Apothéose du vague
On ne saurait trop insister sur les conséquences historiques de certaines approximations intérieures. Or, la nostalgie en est une ; elle nous empêche de nous reposer dans l’existence ou dans l’absolu ; elle nous oblige à flotter dans l’indistinct, à perdre nos assises, à vivre à découvert dans le temps.

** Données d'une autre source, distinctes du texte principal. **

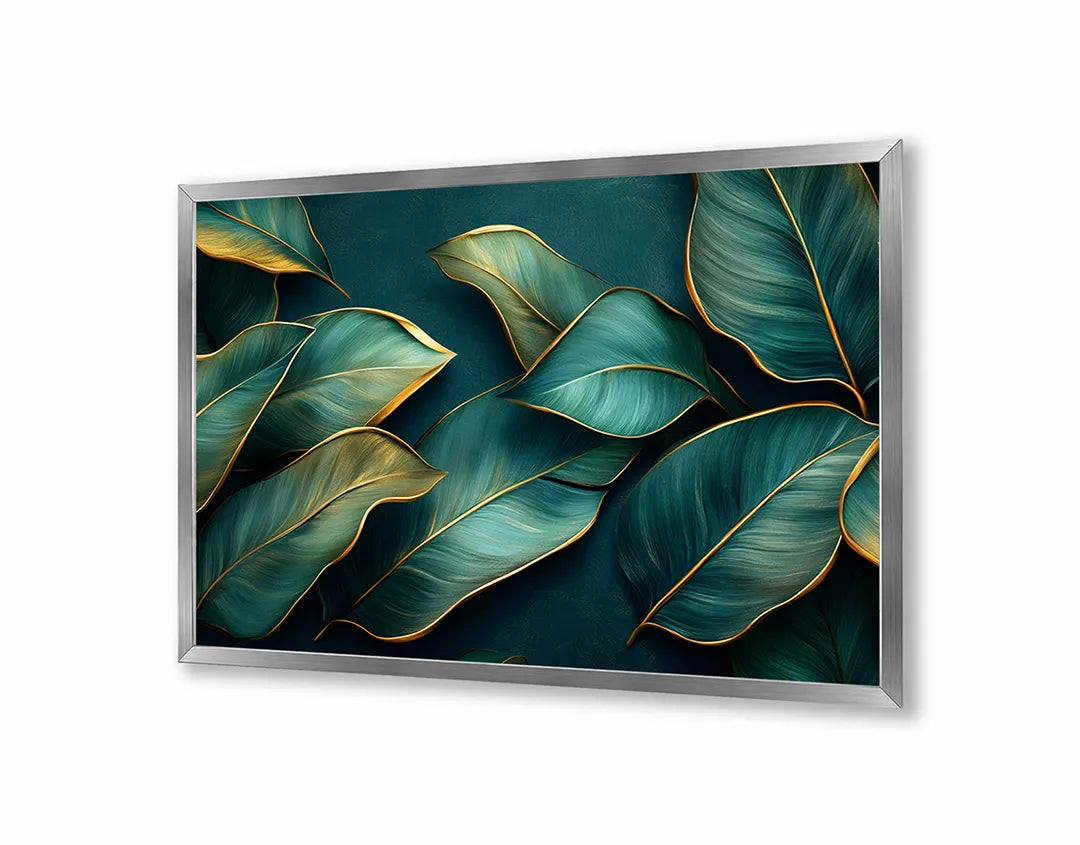 Metalen Magneetbord met hoogwaardige afbeelding van Gouden groene bladeren voor aan de muur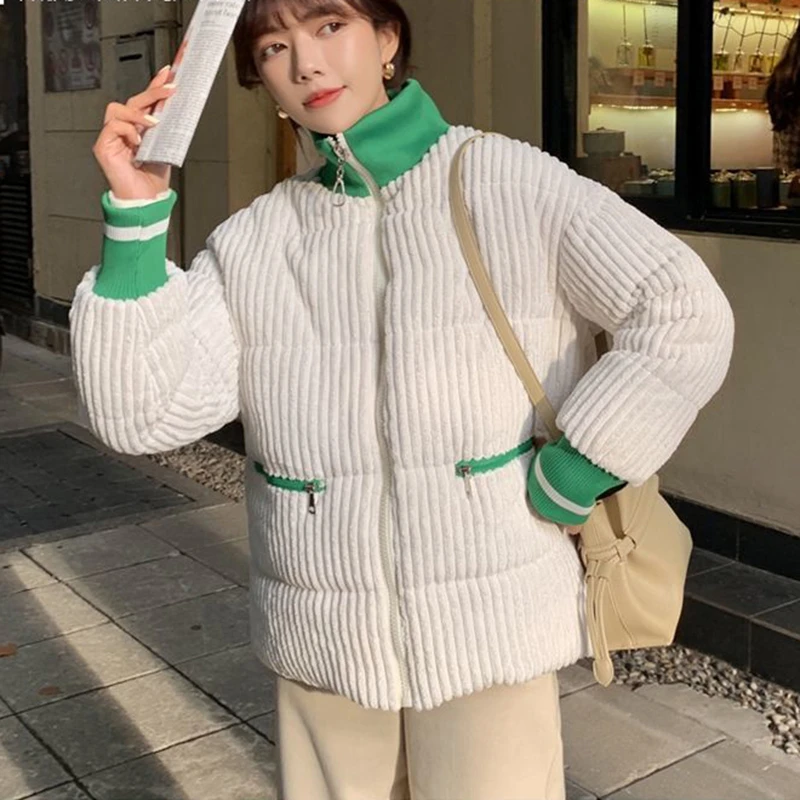 Winter Warm Corduroy Cotton Clothing Coat Women KoreanFashion Loose Casual Zipper Jacket Female Solid Thick Stand Collar Outwear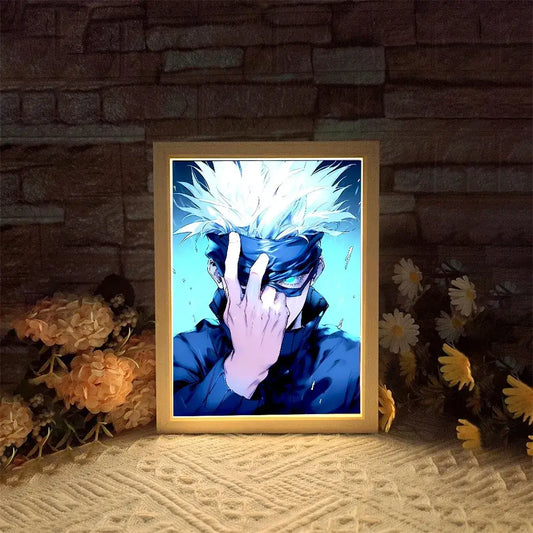 Glowing acrylic jujutsu kaisen gojo satoru led night light frame with spiky white hair and blue backlighting
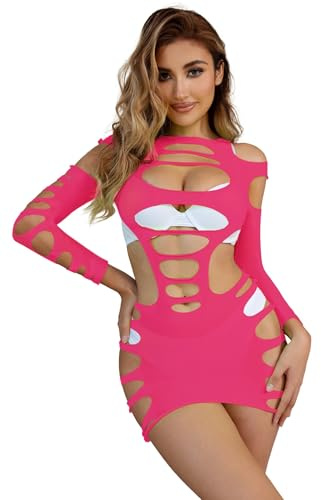 comeondear Lencería Sexy Mujer Manga Larga Body de Malla Talla Grande Ropa Interior Sexy Babydoll Lenceria Mini Vestido Rejilla Conjunto Bodystokings Elásticos Lingerie Rosa,L-XXL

Être arraché au sol, exilé dans la durée, coupé de ses racines immédiates, c’est désirer une réintégration dans les sources originelles d’avant la séparation et la déchirure. La nostalgie, c’est justement se sentir éternellement loin de chez soi ; et en dehors des proportions lumineuses de l’Ennui, et de la postulation contradictoire de l’Infini et de la Heimat, elle prend la forme du retour vers le fini, vers l’immédiat, vers un appel terrestre et maternel. Ainsi que l’esprit, le cœur forge des utopies : et de toutes la plus étrange est celle d’un univers natal, où l’on se repose de soi-même, un univers ̶ oreiller cosmique de toutes nos fatigues.
Dans l’aspiration nostalgique on ne désire pas quelque chose de palpable, mais une sorte de chaleur abstraite, hétérogène au temps et proche d’un pressentiment paradisiaque. Tout ce qui n’accepte pas l’existence comme telle, confine à la théologie. La nostalgie n’est qu’une théologie sentimentale, où l’Absolu est construit avec les éléments du désir, où Dieu est l’Indéterminé élaboré par la langueur.
Emil Cioran, Précis de décomposition, Paris, Gallimard, 1949, p. 51.